"Prem, sedang memilih apa?" Aku menoleh kebelakang dan menaruh kembali botol minuman yang berisi susu kedelai ketempatnya. Pria berkulit sawo matang bertubuh kekar dan berambut hitam legam didepanku menatapku sambil menenteng beberapa barang belanjaan ditangannya.
"D-dokter Ohm..?"
"Sedang belanja juga ya?" Tanyanya dengan suara bassnya tapi nadanya lebih lembut ketimbang saat ia mengajar dikelaskuㅡpenuh wibawa dan kharisma.
"Iya dok. Perut ku sering lapar tengah malam.." Dr Ohm tersenyum tipis seraya mengambil beberapa botol beer dan menaruhnya kekeranjangnya.
Jujur aku tidak suka beer, rasanya aneh. Tapi orang-orang bilang jika pria dewasa pasti menyukai beer, berarti aku masih anak-anak ya.
Aku terkesiap saat Dr Ohm menaruh botol susu kedelai yang ku pegang tadi dan menaruhnya kekeranjangku.
"Minum susu baik untuk pertumbuhan.." godanya lalu melengos pergi meninggalkan ku yang tengah menahan malu karena ucapannya.
'Memangnya pertumbuhan ku tidak baik?!' Batin ku.
Setelah memilih beberapa cemilan, aku menuju kasir lalu membayarnya. Baru juga hendak keluar supermarket, hujan deras membasahi jalanan.
'Sial sekali aku! Aku tak membawa payung lagi..' gerutu ku.
"Kau mau sakit hujan-hujanan seperti ini?" Saat aku hendak lari, Dr Ohm menarik tanganku dan melarangku untuk menerobos hujan.
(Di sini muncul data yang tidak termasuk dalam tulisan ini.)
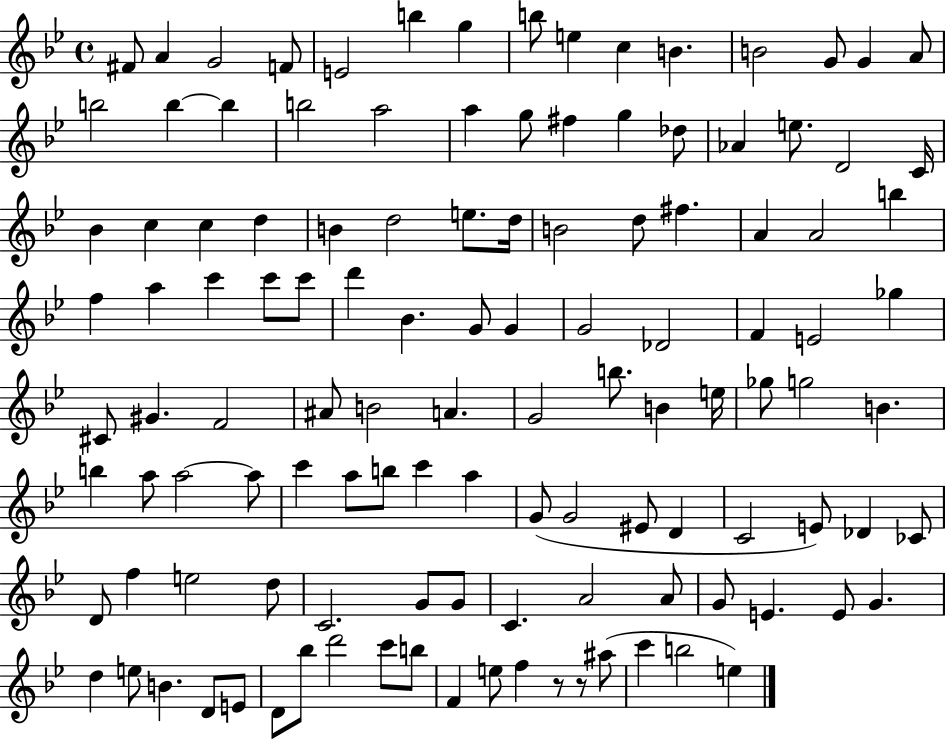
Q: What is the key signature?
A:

"Hujannya sangat deras, aku tak yakin akan reda. Aku ingin pulang dok.."
"Istirahat saja ditempat ku, nanti saat reda, kau bisa pulang."
"Memang dokter tinggal dimana?" Telunjuknya mengarah keatas dan membuat padangan ku beralih keatas. Ternyata Dr Ohm tinggal di apartemen yang berada diatas supermarket yang ku kunjungi.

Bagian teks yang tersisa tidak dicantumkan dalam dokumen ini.